This project simulates Jira/ServiceNow ticket lifecycles, computes operational metrics, identifies workflow bottlenecks, and estimates cost savings from process improvements.


Key Capabilities

  • Detect workflow inefficiencies across teams and statuses
  • Quantify operational time leakage in ticket lifecycles
  • Simulate intervention strategies before implementation
  • Generate executive-ready narratives from operational metrics
  • Provide an interactive analytics dashboard via Streamlit

Business Impact

The pipeline transforms raw IT service ticket data into actionable operational insights.

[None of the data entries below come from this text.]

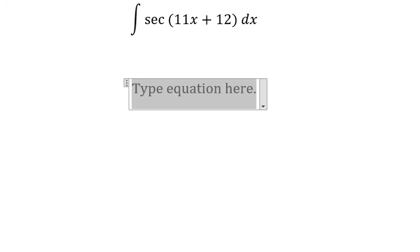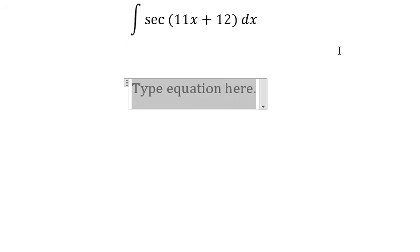Hello everybody, so today I will talk about calculus. The topic today is about integration, so now I will show you the answer.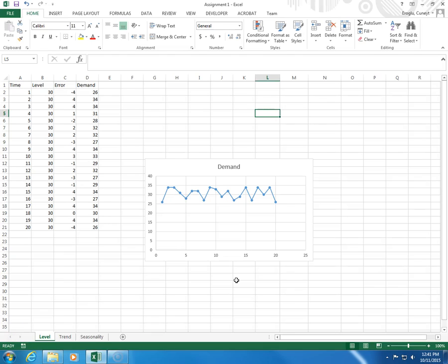In this video, I would like to show you how to generate forecasts using weighted moving average.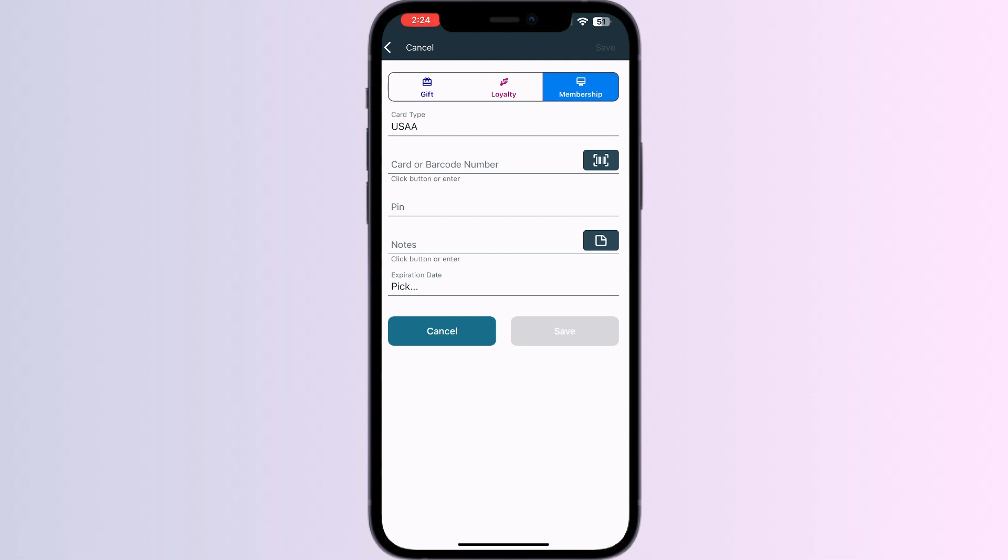After doing this, click on 'Save'. Once you have saved it, you will see a button to add it to Apple Wallet. Click on it and your card will be successfully added to your Apple Wallet.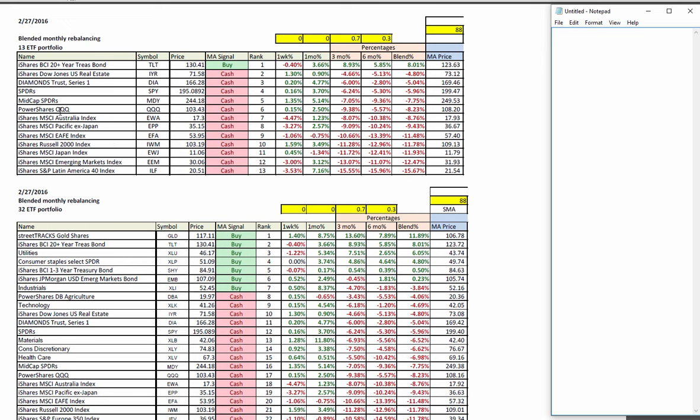Looking at the components of the ETF 13 and 32 portfolios, still only Treasuries on a buy signal for ETF 13. In ETF 13, Latin America, emerging markets still suffering the most. Conservative US indexes are closer to the top.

Instead of manually analyzing ticket exports in spreadsheets, operations teams can:

• Detect workflow bottlenecks automatically
• Quantify time leakage across teams and priorities
• Estimate financial impact of delays
• Simulate process improvements before implementation

This enables faster operational decision making and measurable efficiency improvements in IT service organizations.

Overview

Time Leak Detector is an operational analytics pipeline designed to identify workflow inefficiencies in IT Service Management (ITSM) ticket lifecycles.

The system:

  1. Simulates realistic Jira / ServiceNow ticket data
  2. Computes time-based performance metrics
  3. Attributes operational leakage across teams and statuses
  4. Estimates financial impact of inefficiencies
  5. Enables scenario-based intervention modeling

The platform also includes an LLM-assisted executive narrative generator with structured fact validation that converts analytical results into executive-ready summaries.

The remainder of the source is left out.